═════ Data listing

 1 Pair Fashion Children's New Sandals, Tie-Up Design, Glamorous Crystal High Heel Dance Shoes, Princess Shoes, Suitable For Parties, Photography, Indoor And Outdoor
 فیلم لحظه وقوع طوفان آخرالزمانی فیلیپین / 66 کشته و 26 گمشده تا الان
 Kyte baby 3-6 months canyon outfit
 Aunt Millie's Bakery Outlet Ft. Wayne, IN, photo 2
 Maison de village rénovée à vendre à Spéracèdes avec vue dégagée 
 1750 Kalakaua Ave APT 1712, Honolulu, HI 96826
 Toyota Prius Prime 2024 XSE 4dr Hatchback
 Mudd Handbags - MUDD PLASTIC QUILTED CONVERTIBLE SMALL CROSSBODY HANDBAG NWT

══════════

Activity = Exactly and only the lines from the line containing "Maison de village" through the final line of the records above must be returned.

Solved exercise =
 Maison de village rénovée à vendre à Spéracèdes avec vue dégagée 
 1750 Kalakaua Ave APT 1712, Honolulu, HI 96826
 Toyota Prius Prime 2024 XSE 4dr Hatchback
 Mudd Handbags - MUDD PLASTIC QUILTED CONVERTIBLE SMALL CROSSBODY HANDBAG NWT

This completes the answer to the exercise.